From about five o clock “knocking up” teams will hit the streets, armed with lists of supporters (except those who have been recorded by the Tellers as having visited the polling station already). Their job is to spend the next five hours knocking doors and encouraging their supporters to go and cast their vote. The knocking up teams usually start at the point furthest away from each polling station and move closer in, one street at a time.

When the polls close, another team of volunteers will head to the count. Some elections (like the European Election and London Mayoral Elections) are counted electronically, but the General and Local Elections are still manual – council staff are paid overtime to physically count each ballot paper.

The count usually happens in a central venue for each borough. Candidates appoint ‘Counting Agents’ to observe the process. There is strict security to ensure that they do not come into contact with ballot boxes or the ballot papers. The count begins by verifying the number of papers in each ballot box with the number of ballot papers issued by the Presiding Officer at each station.

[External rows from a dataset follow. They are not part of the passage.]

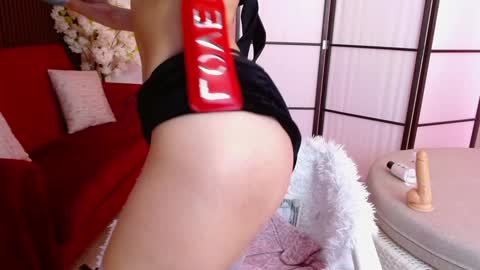 Snapshot of elysia_carter chatting on January 31, 7:29 pm Elysia online show from January 31, 7:29 pm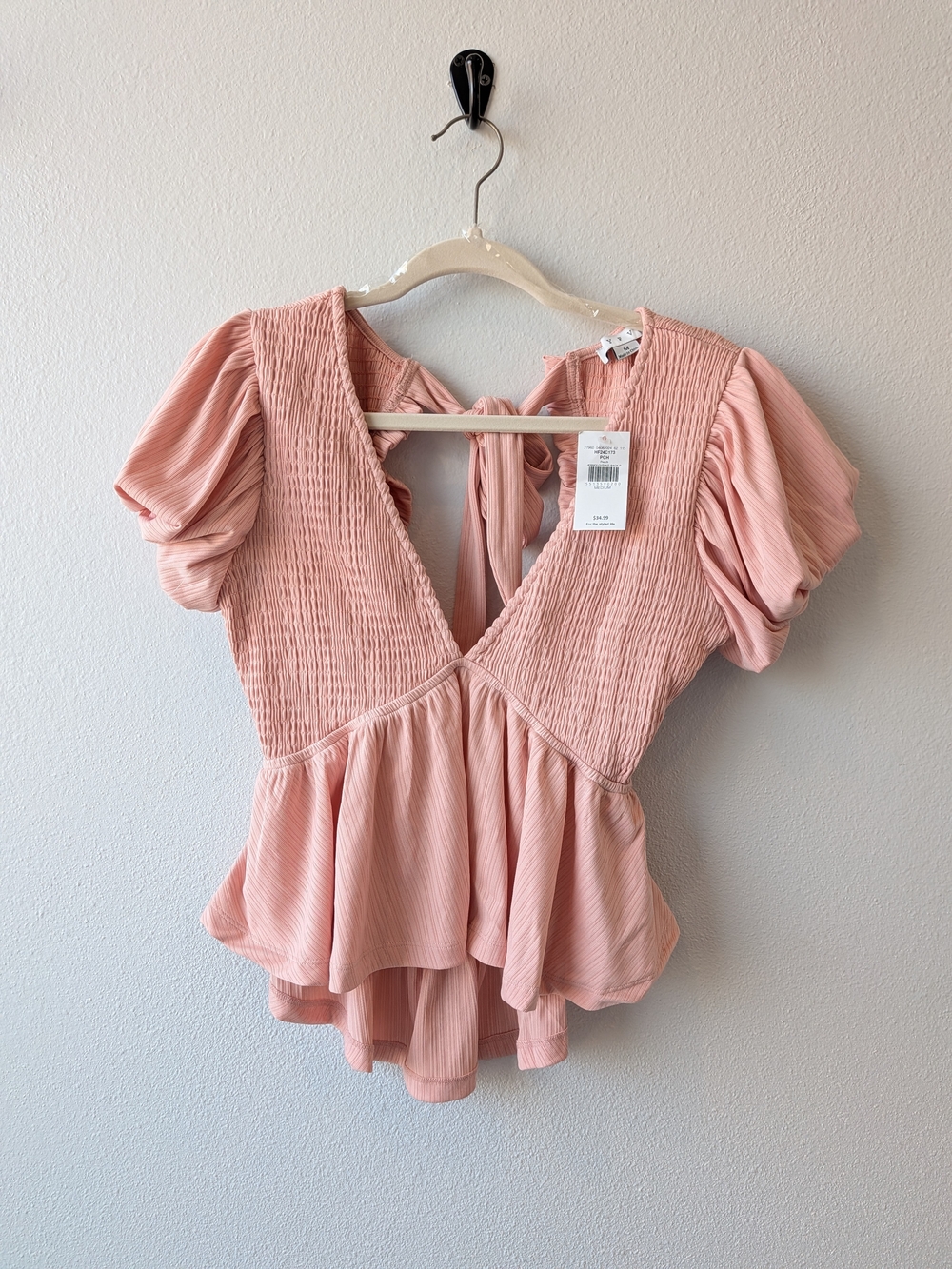 NWT HYFVE From The Buckle Blush Pink Smocked V-Neck Peplum Top with Puff Sleeves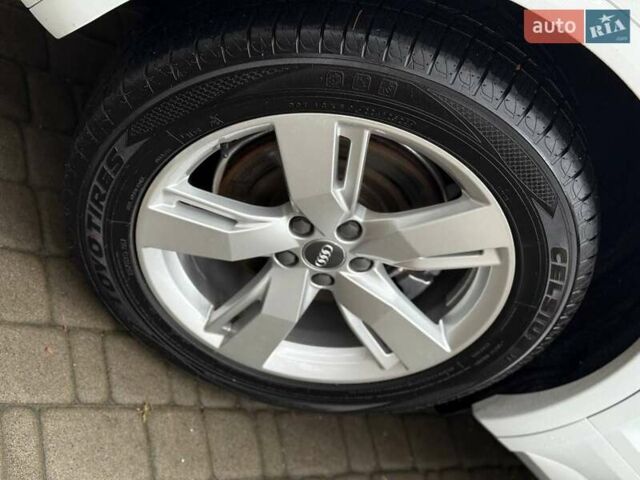 Белый Ауди Ку 5, объемом двигателя 1.98 л и пробегом 88 тыс. км за 26900 $, фото 14 на Automoto.ua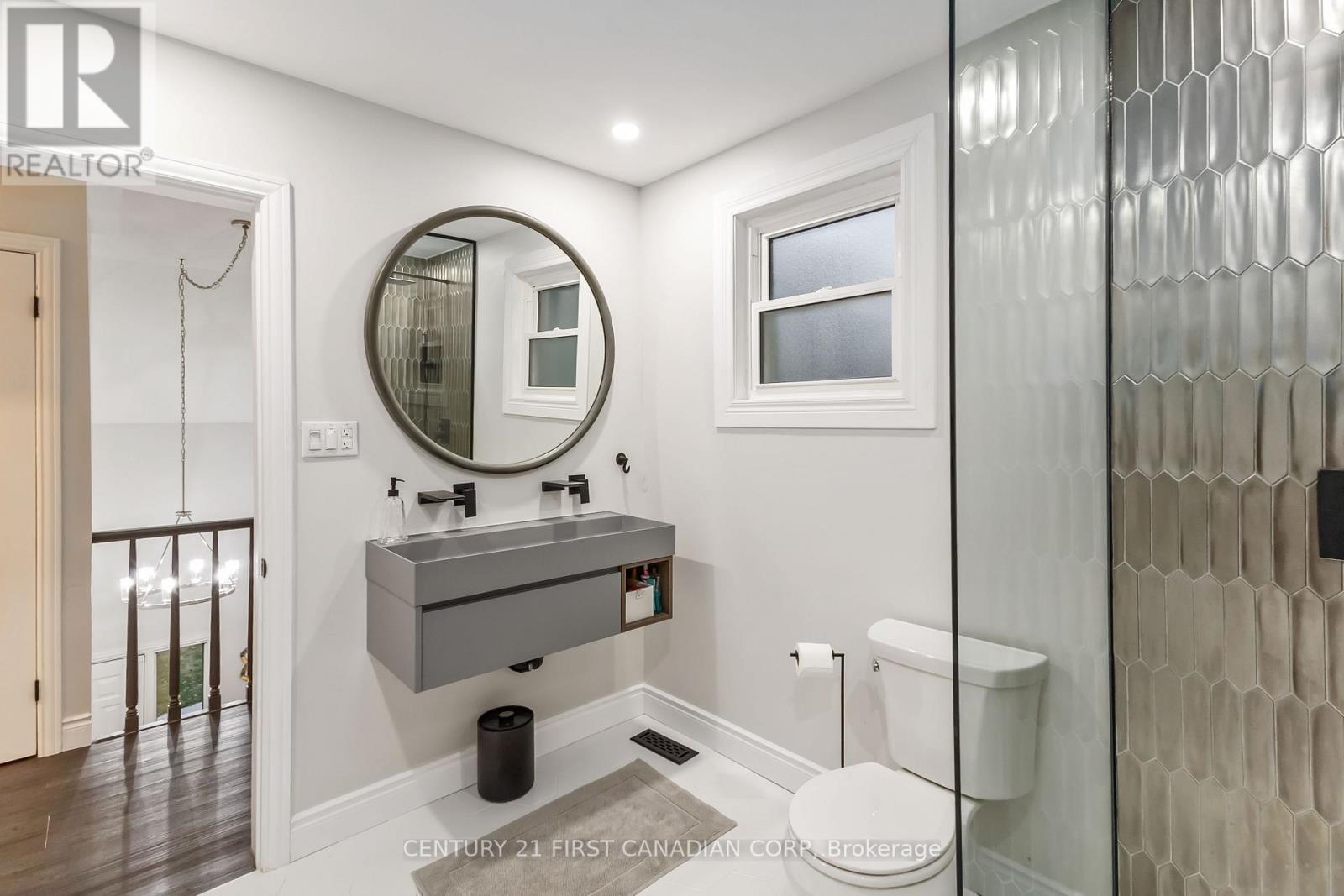 927 Farnham Road, London South, Ontario  N6K 1S2 - Photo 28 - X12423340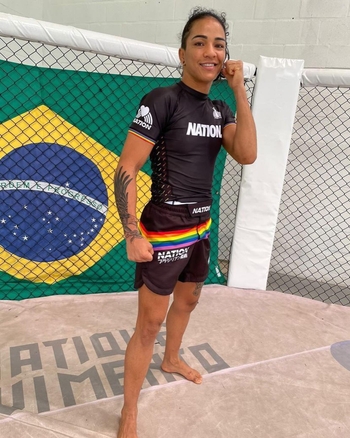 Viviane Araujo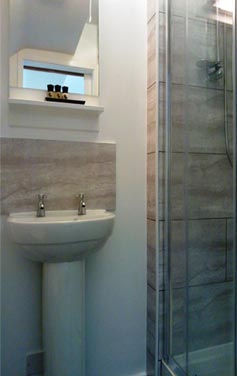 Photo of Ferns Bedroom, Room 7 en-suite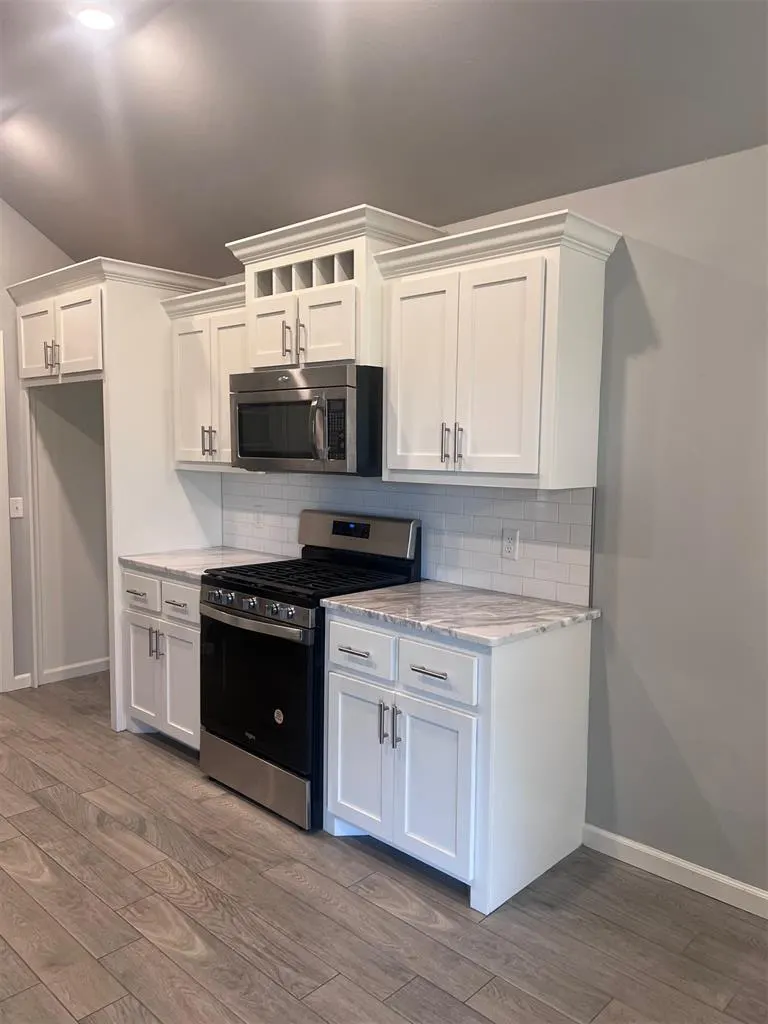 Photo 9 — 4420 Idyl Breeze Drive, Oklahoma City, OK 73179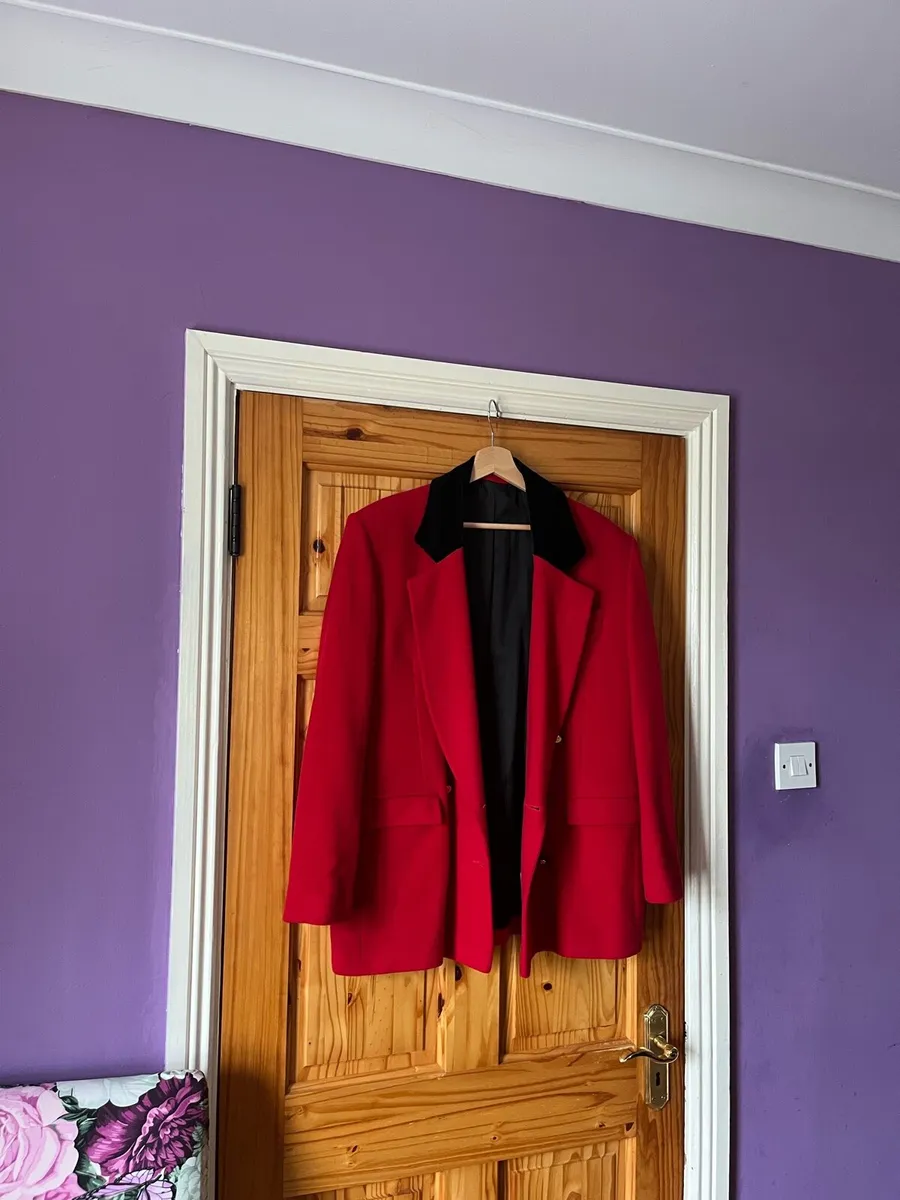 Ladies red and black jacket size 16 - Image 1
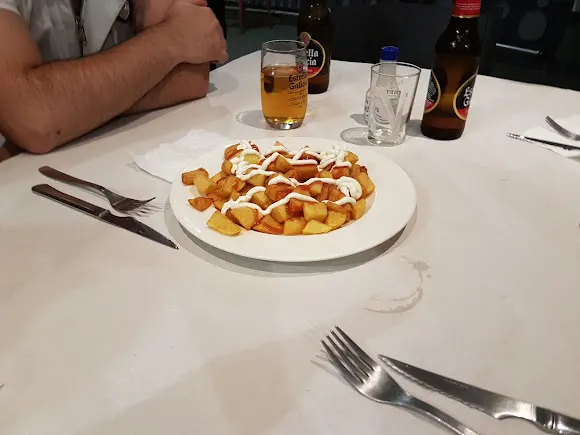 Bar restaurante peones 4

After verification, the count begins – the bundles are split up, counted and grouped into bundles for each candidate in the centre of the hall. This deceptively tedious and mechanical process is incredibly dramatic, as candidates can see their support stacking up throughout the evening;  the hiss of the counting process and the murmur of anxious candidates conferring with their agents adding to the tension.

Counting Agents observe the council officers as they count the ballot papers and have the right to challenge any mistakes. Disputed ballots (it’s amazing how many people choose to put something other than an ‘x’ in the box) are put into a separate pile and are reviewed by the Election Agents and Returning Officer at the end of the count, by which point, in a hotley contested seat, the atmosphere is electric – and after which the Declaration can seem something of an anti-climax (particularly as those in the hall will have been notified of the result some time before the TV cameras are ready to record the speeches).

During this election campaign, the call for us all to become more involved in civic life has been made by most parties – but the reality is that volunteers have been at the centre of our political system for decades. From fundraising, to delivering leaflets, canvassing, telling and acting as counting agents, it is volunteers who undertake the bulk of the work behind the scenes. Whether you choose to vote or not, I hope you will spare a thought for those who have been working hard all year round to keep our democratic process alive and kicking in Southgate! 


More information on how UK elections are run and managed can be found on the Electoral Commission website : www.electoralcommission.org.uk

 A full list of parliamentary and local government candidates standing in our parish can be found on the websites of Enfield Council (020 8379 1000) http://www.enfield.gov.uk/info/362/elections-voting/1013/current_elections/1 or Barnet Council (020 8359 2000)  http://www.barnet.gov.uk/index/council-democracy/democracy-elections/elections.htm (depending where you live). Local Government Candidates will be listed by ward. To find out which ward you live in, visit www.writetothem.com or contact the respective Council by telephone. 

Polling Stations will be open on Thursday 6th May from 7am to 10pm. You will have the opportunity to elect a Member of Parliament and, on a separate ballot paper, three Local Councillors. You do not require a polling card to vote but must be on the register of electors to do so.